While I give Apple credit for planning ahead to normalize a glaring and controversial design compromise, let’s be honest: The notch is clearly a temporary hack — a hard choice awaiting a better long-term solution. As consumers, though we might tolerate it for now, we shouldn’t (and already don’t) view it as a desirable element of a phone.
The next step is figuring out how to get rid of the notch without compromising the functionality it offers, and you can be certain that smartphone makers have been working on that since before the notch existed. Over the past decade, patents have revealed numerous concepts for hiding cameras, speakers, and sensors behind screens. And when I say “hiding,” I mean “completely hiding,” such that the items that would otherwise be inside a notch are invisible when the screen’s in use.

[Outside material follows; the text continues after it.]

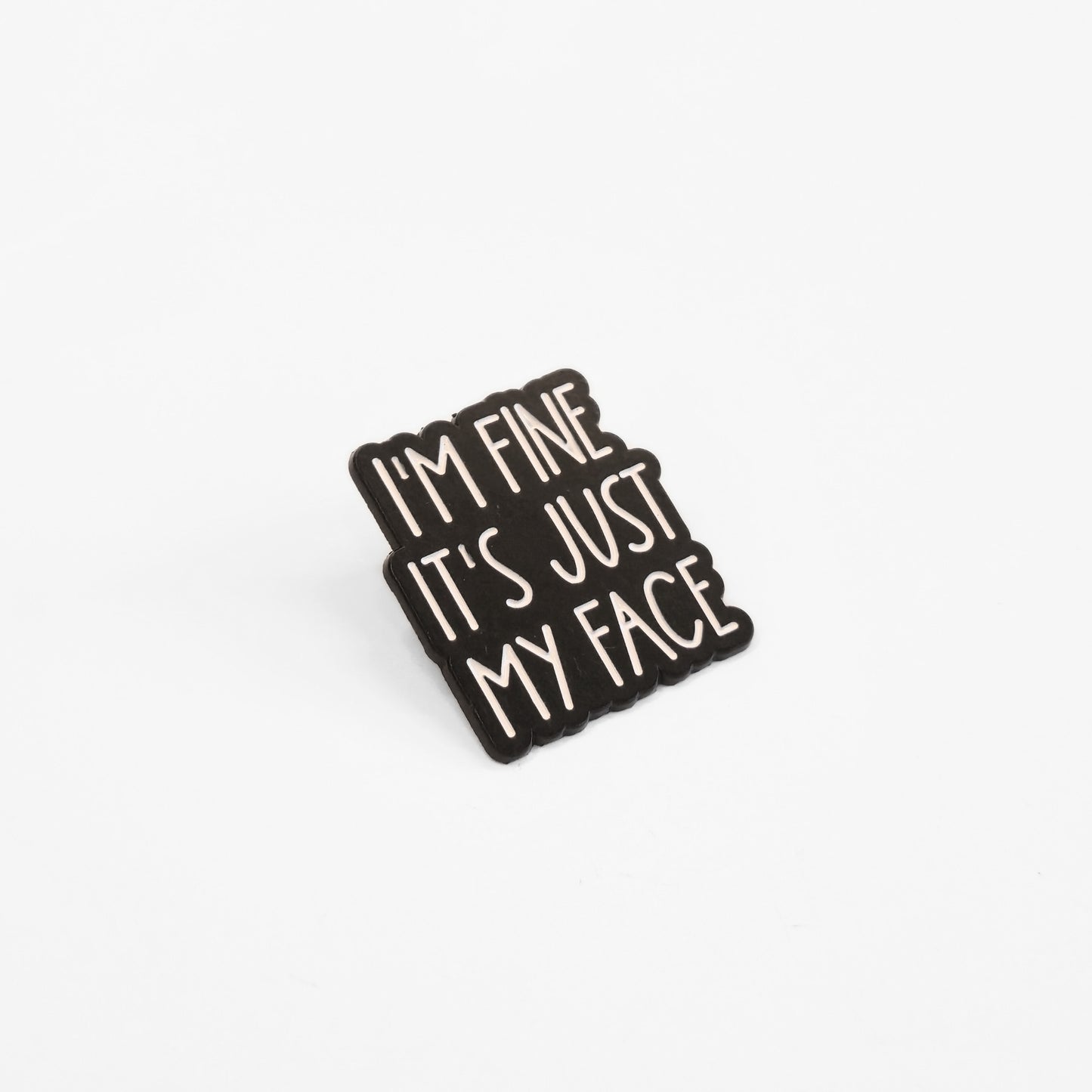 I'm Fine It's Just My Face | Collectible Pin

Above: Xiaomi shows off the Mi Mix, which eliminated the top-of-screen speaker and moved camera and sensor components to its larger bottom bezel.
Recent devices are already using some of these patented tricks, but one gets the sense that they’re less than ideal solutions. Xiaomi’s 2016 Mi Mix got rid of the need for an ear speaker hole by turning the phone’s housing into a speaker. But between privacy concerns and making the whole phone vibrate, it wasn’t practical. Vivo’s new Nex got rid of the front camera by having it pop up in a mechanical housing. Do that and you have a moving part that’s going to break over time, and you’re also giving up waterproofing and dustproofing.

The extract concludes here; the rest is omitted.